Retirement Plan: Quick Facts About Roth IRA Accounts

Becoming financially independent, growing a high-quality retirement, and coordinating a successful future is in the books for many, but the proper tools and guidance we utilize are far and few. I wanted to take a moment to share a couple of quick facts about Roth IRA accounts, since they are a well-known option for making YOUR MONEY WORK FOR YOU instead of for the banks! Meaning, instead of collecting a very small amount of return on your savings account (close to 0.05%) , why not put your money to WORK in a Roth IRA or 401(k) account and let it collect some return/profit? Out of the Roth and 401(k), we are going to take a quick glance at a Roth IRA account. I currently invest in a low risk, long-term package that shares approx 8-15% rate of return, depending on the market.

Below, you will find some simple yet informative facts about Roth IRA accounts and why we should all invest in some form of similar retirement plan:

  • There is NOT an age cap for depositing your contribution (adjusted gross income must be below a designated amount). You can contribute throughout your entire lifetime (even after 70 ½). Most of us should begin our account around 21-25 years of age. If you are opening you account after then, try to max-out your account to hit your retirement goals in a proper timeline.
  • You CAN contribute to your Roth IRA, as well as your 401(k) retirement plan. You can even max-out or cap-off both of them. (I would recommend seeing if your employer provides a 401(k). If so, see if they match any designated amount. Then consider contributing to that as well to at least meet the requirement for the matched amount.)
  • When it comes to deducting when filing taxes, you can NOT deduct your contributions, as they are an already taxed form of income. Understand that this is already taxed money. But, you will not be taxed on the back-end when you acquire your “profit” from your returns.
  • You DON’T have to pay any penalties, taxes, or fees when pulling from your Roth IRA account contributions early (must be the contributions, not profit from rate of return).

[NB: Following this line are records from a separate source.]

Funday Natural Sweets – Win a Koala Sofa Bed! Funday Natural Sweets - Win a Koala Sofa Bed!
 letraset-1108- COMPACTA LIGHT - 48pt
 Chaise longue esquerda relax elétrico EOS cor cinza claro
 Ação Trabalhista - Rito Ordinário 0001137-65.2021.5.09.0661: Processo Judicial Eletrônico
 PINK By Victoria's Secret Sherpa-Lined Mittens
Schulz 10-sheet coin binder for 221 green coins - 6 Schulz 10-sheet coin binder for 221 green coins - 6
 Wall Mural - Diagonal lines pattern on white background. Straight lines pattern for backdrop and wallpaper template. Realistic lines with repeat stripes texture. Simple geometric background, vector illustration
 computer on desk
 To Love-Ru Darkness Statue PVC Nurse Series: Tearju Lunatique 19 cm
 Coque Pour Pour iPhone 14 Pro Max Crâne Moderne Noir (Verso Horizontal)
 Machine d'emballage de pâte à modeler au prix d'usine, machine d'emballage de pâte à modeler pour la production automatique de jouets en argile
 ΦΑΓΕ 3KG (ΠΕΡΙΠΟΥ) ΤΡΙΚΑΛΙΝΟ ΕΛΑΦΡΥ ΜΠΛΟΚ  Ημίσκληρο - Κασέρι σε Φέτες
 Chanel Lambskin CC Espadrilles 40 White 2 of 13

There is an annual contribution limit depending on your filed income from the previous year.

(View amount you could file for tax year 2020).


Questions to ask employers about their 401 (k) plan

When interviewing for a job or searching for your next retirement investment, 401 (k) plans are always a standard option for most individuals. When it comes to a plan provided by a potential or current employer, here are some questions you may want to ask:

Do you have a 401 (k) plan?

Always make a point to directly ask the potential employer if they carry a 401 (k) plan for employees. Note: Many companies require you to be a full time employee to receive 401 (k), health insurance, and other employment benefits.

Does your 401 (k) plan match after a specific amount? How much?

Ask if the company matches a designated amount. If so, ask how much that amount is. For example, this means a company might match your first $75k. This says the company will also provide $75k once you begin to “cash out.” So your initial target is a minimum of $75k investment to get it matched. Then, either consider to invest in other options or continue to invest in that retirement plan.

How long until the 401 (k) plan matches the designated amount?

Consider asking the employer if there is a timeline/time frame in which you have to complete the 401 (k) plan. Most retirement plans have a time frame or age restriction on “cashing out.”

How were the 401 (k) plan package options chosen or selected?

Ask the employer if an individual, committee, or affiliated party selected the retirement plan. Also ask how they came to this conclusion and how it compares to other options. What is the rate of return, level of risk, and influences on stocks/shares. Then begin to ask yourself, is this the best option for my retirement goals.

Is there a conflict of interest between the company, affiliated parties, and the chosen 401 (k) plan?

While asking how the package plan was selected, begin to investigate if it was only chosen to benefit select parties. If this plan was only selected because it is the lowest form of benefit provided by the company, but is just enough to encourage/entice employment, then maybe you should consider other options.

Who dictates the addition/removal of investments choices or packages?

Understand how packages/investment options are manipulated. Be aware of who changes them, adds options, or eliminates previous choices. Also ask how these decisions are made and why?

How much are my monthly contributions?

For the sake of budget, does the employer have minimum monthly contributions. Sometimes, a payment plan can be set up to pull x amount from your payroll to dedicate toward the retirement plan. Age will also be a huge factor if there is a time frame toward retirement and how much must be contributed each month.

Do I have administration fees? If so, how much are they monthly?

Ask if the employer requires fees to handle your 401 (k) plan, transaction fees, admin fees, etc. How much is the company charging you on the back end to monitor and perform transactions?

Should you invest in a Roth IRA Brokerage account instead?

There are differences between a 401 (k) and Roth IRA that we can explore in another article. For the sake of this one, understand that if a company doesn’t match a set amount of your investment, you might consider a Roth IRA account that won’t tax you on your pay-out. Meaning when you cash out for retirement, you won’t be taxed like an income.

Hope these questions assist you in finding a retirement plan that works for you, or at least provide you with questions you can ask to determine which plans may NOT be for you.